A autoproclamada Artsakh foi apagada, mas a ideia ainda tem muitos apoiadores.

Edik Aloyan, ex-gerente de vendas em Nagorno-Karabakh, pulou de um caminhão que o levava em segurança assim que chegou à vila armênia de Kornidzor e declarou que sua terra natal perdida “é puramente terra armênia”. Isso, ele insistiu, nunca mudaria, mas “os russos não nos ajudaram. Eles ajudaram os azeris”.

Em Ierevan, capital da Armênia, milhares de manifestantes se reuniram todas as noites desde a semana passada em uma praça central para xingar o primeiro-ministro Nikol Pashinyan por não enviar tropas para defender seus parentes étnicos e gritar “Viva Artsakh”.

Mas os apoiadores do primeiro-ministro descartam os protestos como obra de dois ex-líderes desacreditados que chegaram ao poder apoiando a causa do Estado autoproclamado.

Quando Nagorno-Karabakh passou de uma disputa soviética local para uma questão internacional, era tão remoto e obscuro que “tivemos que procurar em livros antigos para descobrir onde e o que era esse lugar”, lembrou Richard Giragosian, um acadêmico armênio-americano que mora em Ierevan e aconselha o governo armênio.

Ao longo dos anos, planos de paz surgiram e desapareceram. Todos falharam, torpedeados pela intransigência de um lado ou de outro.

As negociações fracassadas realizadas em Key West, na Flórida, em 2001, com os Estados Unidos entre os mediadores, deixaram um gosto amargo, tanto que o presidente George W. Bush disse que nunca mais queria ouvir falar sobre o assunto, segundo Thomas de Waal, autor de “Black Garden”, um livro que relata 35 anos de impasse sobre a região.

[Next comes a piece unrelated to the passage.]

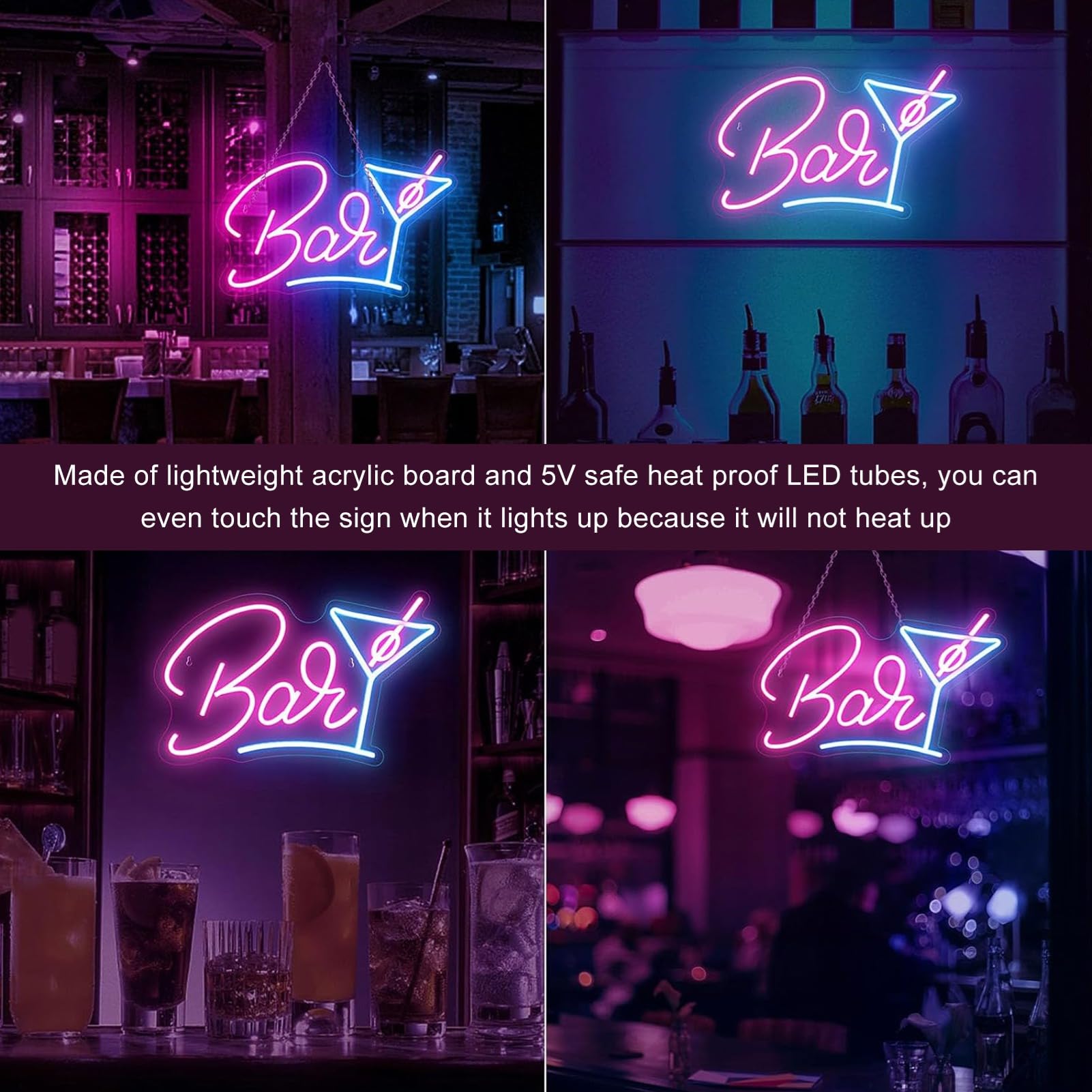 YDuupxe Szyld Neonowy Bar, 26x43cm Akryl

Nesta semana, Giragosian, que estava em Washington para se encontrar com autoridades surpreendidas pela derrota de Artsakh, disse que esperava mais resistência. “Do ponto de vista militar, eu achava que eles iriam se refugiar nas colinas”, disse ele sobre os armênios étnicos em Nagorno-Karabakh.

Mas a República de Artsakh ficou, no final, sem apoiadores dispostos a se juntar à luta. Muitos residentes mais jovens haviam partido, deixando uma população predominantemente mais velha para defender sua república não reconhecida. Meses de privação haviam minado a vontade das pessoas de continuar lutando.

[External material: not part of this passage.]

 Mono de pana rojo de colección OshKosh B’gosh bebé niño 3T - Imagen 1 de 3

Pequenos grupos nacionalistas militantes na Armênia, como o chamado destacamento dos Cruzados, fizeram declarações barulhentas sobre ajudar, mas não forneceram nenhum apoio significativo. O governo armênio de Pashinyan ficou fora da luta.

Menos de duas semanas antes de seu estado entrar em colapso em 20 de setembro, as elites em Stepanakert, a capital da república separatista, estavam envolvidas em uma luta pelo poder local, forçando a saída de seu presidente eleito depois que ele respondeu à tempestade iminente erguendo uma tenda do lado de fora dos prédios do governo e usando-a para realizar um protesto sentado.

Em 9 de setembro, o parlamento local selecionou Samvel Shahramanyan, um antigo oficial de segurança, como presidente.

“Não estou revelando um segredo quando digo que o bloqueio parcial e depois completo da República de Artsakh pelo Azerbaijão criou uma série de problemas para a república”, disse Shahramanyan aos legisladores.

Embora zombasse da Armênia por buscar uma “suposta agenda de paz”, ele reconheceu que as “ideias e expectativas da república em relação ao direito internacional” haviam sido “irrealistas e divorciadas da realidade”, uma aparente referência à sua oposição de longa data a qualquer acordo de paz que não concedesse a Nagorno-Karabakh a condição de Estado completamente separado do Azerbaijão.

À medida que as forças azerbaijanas dominavam as defesas da república em colapso na última quarta-feira, o novo presidente realizou o que foi chamado de “sessão ampliada do Conselho de Segurança” e anunciou que “Artsakh será forçada a tomar medidas apropriadas”.

Shahramanyan não foi visto nem ouvido desde então e, assim como dezenas de outros ex-funcionários, teme-se que tenha sido capturado por tropas azerbaijanas para enfrentar acusações de “traição”.

“É uma verdadeira tragédia como anos de esforços internacionais para encontrar uma solução equitativa para o conflito foram derrubados em 24 horas”, disse de Waal.